The Equality Act states that it is unlawful to discriminate against a woman because she is pregnant or on maternity leave. In Peninsula Business Services v Donaldson, the Employment Appeal Tribunal (EAT) held that it not discriminatory to suspend membership of a childcare voucher scheme during maternity leave.
Basic facts
In return for receiving a lower salary, Peninsula offered childcare vouchers for its employees to the value of the salary sacrifice. The benefit to the employee was a saving in tax and National Insurance contribution on the amount of the vouchers. However, a clause in the contract stated that during maternity leave the voucher scheme would be suspended, although the employee remained in the scheme.
By the time Ms Donaldson wanted to join the scheme, she was pregnant. She brought a tribunal claim that the suspension clause in her contract constituted pregnancy and maternity discrimination under sections 18 (direct discrimination) and 19 (indirect discrimination) of the Equality Act.
Tribunal decision
As women on maternity leave are entitled to receive non-pay benefits during ordinary and additional maternity leave in accordance with the Maternity and Parental Leave Regulations 1999, the tribunal concluded that Ms Donaldson had been discriminated against contrary to section 18. As the terms of the voucher scheme put women at a particular disadvantage compared to men (which could not be justified), Peninsula had also indirectly discriminated against her contrary to section 19.
In coming to its conclusion, the tribunal relied on guidance from HM Revenue and Customs (HMRC) stating that although an employee can agree to withdraw from a Childcare Voucher Scheme during statutory maternity leave, she cannot be required to do so by her employer.

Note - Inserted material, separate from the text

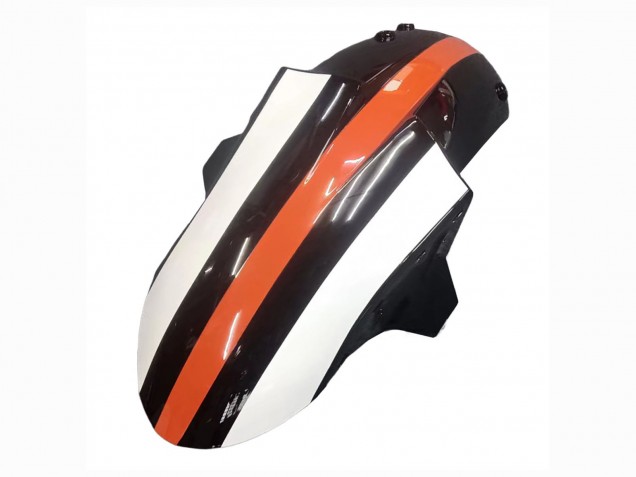 Carenados Moto Kawasaki ZX10R 2006-2007 - Blanco Naranja Negro Asequibles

Peninsula appealed on the basis that the provision of childcare vouchers under a salary sacrifice scheme fell within the meaning of "remuneration" in the 1999 Regulations and could therefore be suspended during maternity leave; and that the tribunal had wrongly interpreted section 19.
EAT decision
The EAT held that the scheme did not involve a “sacrifice” but a diversion of salary which the employee had earned but which was “redirected” to buy vouchers rather than placed in their pay packet. It therefore constituted remuneration for the purpose of the regulations and not a benefit beyond wages and salary. The fact that it was deemed to be a “non-cash benefit” by HMRC for tax purposes was irrelevant.
In any event, as Ms Donaldson had never entered the scheme and was paid all that she was legally and contractually entitled to receive while on maternity leave, the offer of entry into the scheme on the terms proposed did not constitute unfavourable treatment under section 18.
Finally, the EAT decided that although the HMRC guidance suggested otherwise, it had no legislative force and after looking carefully at the regulations, decided that it was wrong.